RASTILHO DE PÓLVORA ESTÁ ACESO

quinta-feira, 11 de agosto de 2011

O ALTO PREÇO DA PRESERVAÇÃO AMBIENTAL EM JACAREACANGA

(*Roberto Strapasson
Roberto Strapasson
A necessidade de desenvolvimento econômico e de proporcionar acesso às política públicas à população desta região, há muito tempo abandonada, fez surgir o município de Jacareacanga no dia 13 de dezembro de 1991, desmembrado do município de Itaituba. Está localizada na região Oeste do Pará fazendo divisa com o estado do Amazonas e Matogrosso. As cidades mais próximas são Itaituba-PA (400Km) e Apuí-AM(280Km). A principal via de acesso é a Rodovia Transamazônica que no inverno torna-se intransponível principalmente para os caminhões, dificultando o acesso de comida e medicamentos. Aproximadamente 40% da sua população de 37.073(IBGE2007) habitantes é indígena da Nação Munduruku e mais de 80% está localizada fora da sede do município em vilas e aldeias.

A LUTA PELA REGULARIZAÇÃO FUNDIÁRIA
O histórico de luta pela regularização fundiária data do ano de 1993, quando o município deu entrada no primeiro processo junto ao INCRA. Na ocasião, o Município pensou o primeiro Plano de Ordenamento Territorial, que previa não só a demarcação da Légua Urbana, como também, da área rural que ficava no entorno da cidade, de forma que beneficiasse os agricultores que ali trabalhavam, formando o “cinturão verde”do município.

No ano de 1998 foi criado o primeiro assentamento em Jacareacanga, o PA Jacaré, com a promessa que 230 famílias seriam assentadas em um projeto com toda a infraestrutura necessária. Não passou de um sonho, e depois de 13 anos, nenhuma família foi, de fato assentada. O projeto nunca saiu do papel, e a única obra realizada foi um trecho de estrada vicinal com cerca de 11km.

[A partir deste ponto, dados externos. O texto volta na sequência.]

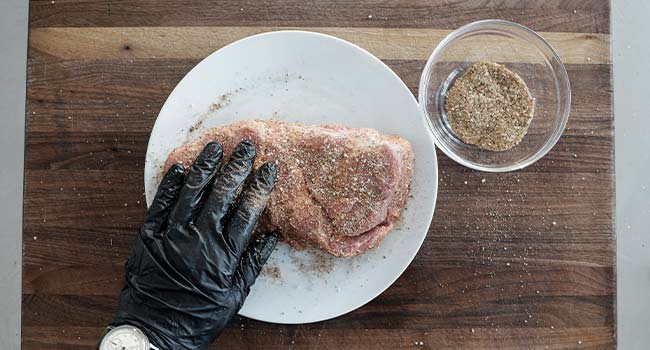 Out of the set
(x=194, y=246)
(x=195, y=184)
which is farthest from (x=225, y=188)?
(x=194, y=246)

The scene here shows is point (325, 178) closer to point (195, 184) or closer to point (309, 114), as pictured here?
point (309, 114)

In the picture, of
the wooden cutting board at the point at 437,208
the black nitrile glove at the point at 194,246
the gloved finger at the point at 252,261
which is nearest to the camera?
the black nitrile glove at the point at 194,246

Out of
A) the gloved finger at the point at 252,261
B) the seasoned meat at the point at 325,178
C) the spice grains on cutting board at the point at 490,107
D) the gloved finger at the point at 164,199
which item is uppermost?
the spice grains on cutting board at the point at 490,107

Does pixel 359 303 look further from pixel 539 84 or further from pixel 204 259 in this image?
pixel 539 84

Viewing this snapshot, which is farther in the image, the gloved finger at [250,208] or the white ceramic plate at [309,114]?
the white ceramic plate at [309,114]

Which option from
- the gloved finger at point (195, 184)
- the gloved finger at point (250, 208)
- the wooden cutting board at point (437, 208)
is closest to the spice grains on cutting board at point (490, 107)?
the wooden cutting board at point (437, 208)

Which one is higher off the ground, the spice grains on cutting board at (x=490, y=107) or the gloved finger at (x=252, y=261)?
the spice grains on cutting board at (x=490, y=107)

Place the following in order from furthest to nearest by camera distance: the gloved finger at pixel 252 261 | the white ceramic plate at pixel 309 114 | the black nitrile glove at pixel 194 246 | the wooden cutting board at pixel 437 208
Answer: the wooden cutting board at pixel 437 208
the white ceramic plate at pixel 309 114
the gloved finger at pixel 252 261
the black nitrile glove at pixel 194 246

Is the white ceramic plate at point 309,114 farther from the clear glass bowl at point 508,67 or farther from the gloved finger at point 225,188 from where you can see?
the gloved finger at point 225,188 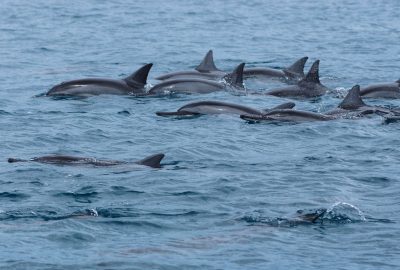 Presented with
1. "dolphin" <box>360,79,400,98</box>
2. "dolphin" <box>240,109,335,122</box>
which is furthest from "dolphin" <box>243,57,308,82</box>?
"dolphin" <box>240,109,335,122</box>

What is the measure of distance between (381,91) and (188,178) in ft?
32.2

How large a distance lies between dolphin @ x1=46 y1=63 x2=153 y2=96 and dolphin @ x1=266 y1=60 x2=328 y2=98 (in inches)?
130

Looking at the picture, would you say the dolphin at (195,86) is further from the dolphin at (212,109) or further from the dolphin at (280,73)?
the dolphin at (212,109)

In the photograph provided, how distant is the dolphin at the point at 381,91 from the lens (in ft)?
88.7

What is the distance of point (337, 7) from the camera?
53719 mm

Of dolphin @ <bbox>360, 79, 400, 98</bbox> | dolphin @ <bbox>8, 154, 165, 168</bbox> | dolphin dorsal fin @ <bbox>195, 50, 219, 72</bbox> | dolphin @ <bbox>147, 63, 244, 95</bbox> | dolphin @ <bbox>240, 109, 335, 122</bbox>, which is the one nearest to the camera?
dolphin @ <bbox>8, 154, 165, 168</bbox>

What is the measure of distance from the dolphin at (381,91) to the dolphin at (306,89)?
112 cm

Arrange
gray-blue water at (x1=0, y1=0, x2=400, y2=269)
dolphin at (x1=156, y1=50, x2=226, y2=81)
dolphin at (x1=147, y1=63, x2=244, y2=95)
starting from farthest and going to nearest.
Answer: dolphin at (x1=156, y1=50, x2=226, y2=81)
dolphin at (x1=147, y1=63, x2=244, y2=95)
gray-blue water at (x1=0, y1=0, x2=400, y2=269)

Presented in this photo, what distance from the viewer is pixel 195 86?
27.6 meters

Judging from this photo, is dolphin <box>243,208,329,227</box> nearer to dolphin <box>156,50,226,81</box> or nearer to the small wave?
the small wave

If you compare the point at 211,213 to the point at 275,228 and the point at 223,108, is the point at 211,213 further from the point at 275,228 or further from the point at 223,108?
the point at 223,108

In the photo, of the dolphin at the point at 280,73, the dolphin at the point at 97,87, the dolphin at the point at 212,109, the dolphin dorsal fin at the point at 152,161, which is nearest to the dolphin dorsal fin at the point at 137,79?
the dolphin at the point at 97,87

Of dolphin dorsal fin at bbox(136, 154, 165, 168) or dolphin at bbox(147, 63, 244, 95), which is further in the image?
dolphin at bbox(147, 63, 244, 95)

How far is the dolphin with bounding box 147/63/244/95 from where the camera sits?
27.3 meters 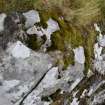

O crédito habitação e instalação nunca foram liberados e o assentamento sequer teve demarcação e divisão de lotes.
O MUTISMO E DESCASO DO INCRA
Com relação à Légua Urbana, passados cerca de 13 anos sem uma resposta positiva do INCRA, mais uma vez, no ano de 2006 o poder público municipal mobilizou-se e elaborou novo Plano de Ordenamento Territorial, desta vez prevendo somente a regularização da Légua Urbana, no entanto, sem esquecer da área rural, que era objeto de constantes apelos junto ao INCRA. Novamente o processo não avançou.

Em 2009, retomamos com mais afinco o desafio de dar segurança jurídica tanto aos proprietários de lotes urbanos, quanto aos agricultores que vivem como posseiros, tratados como marginais pela legislação vigente. Montamos uma comitiva e fomos, mais uma vez, à Superintendência do INCRA de Santarém, que fica a 800km da sede do município. Na ocasião o Sr. Luciano Brunet, Superintendente da unidade SR30 até assinou um termo de compromisso com o município, que previa algumas ações, mas que nunca foram realizadas.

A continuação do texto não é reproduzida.